復帰直前の沖縄〈50年前きょうの1面〉3月14日「沖縄返還協定/あす批准書交換式」―琉球新報アーカイブから―


この記事を書いた人 Avatar photo 滝本 匠

 1972年5月15日に沖縄が日本に復帰してから今年で50年。27年間のアメリカ施政権下から脱して「祖国」の日本に戻るカウントダウンが進む中、本土との格差是正、自衛隊配備や米軍基地の取り扱い、ドル―円の通貨切り替え問題、初の知事選など、大きな歴史のうねりに翻弄される島の住民は山積する課題に直面する、そんな時代だった。復帰した後の沖縄の発展を展望しつつも、さまざまな制度変更にさらされる行政と政治。琉球新報の紙面もその歴史の一日一日を刻んでいった。  

 

 1972年3月14日の琉球新報1面トップは、「沖縄輸送の資材は送り返す/政府・自民党、野党側の主張のむ/防衛庁幹部を処分」との見出しで、復帰跡の自衛隊配備に伴う資材輸送を制服組の独断で実施した問題について、政府・自民党側が示した運び込んだ資材の持ち帰りなどの方針を受けて国会審議が改めて動き出すことを伝えている。

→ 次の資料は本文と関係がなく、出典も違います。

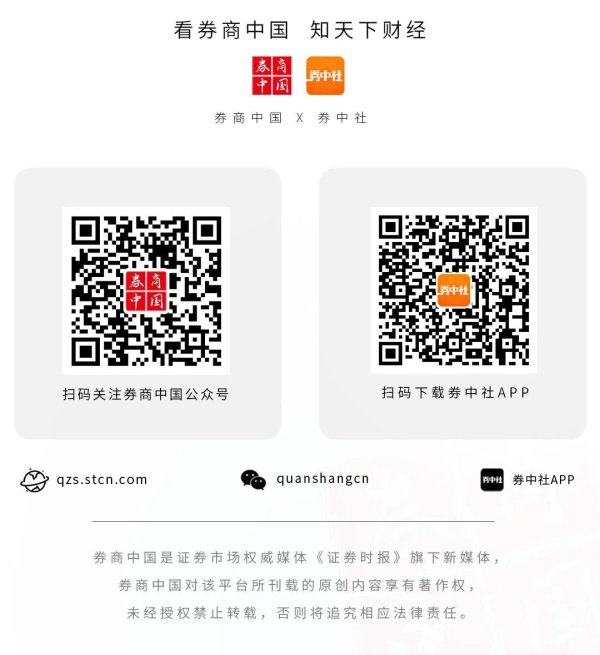 突发，取消！关税，重要变数！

 「沖縄返還協定/あす批准書交換式/懸案かかえ、簡素に」との見出しで、15日に行われる沖縄返還協定があり、正式に5月15日の返還が確定刷ることを伝えている。

 復帰をめぐる沖縄側からの懸案で大きいものとして、ドル―円通貨切り替えに伴う返還レートを1ドル=360円するかどうかという問題があるが、通産局長が1ドル=360円交換は困難だとの認識を示している記事も掲載している。関連して、大蔵大臣が「復帰前の交換は困難との印象」との見解を示したことも紹介している。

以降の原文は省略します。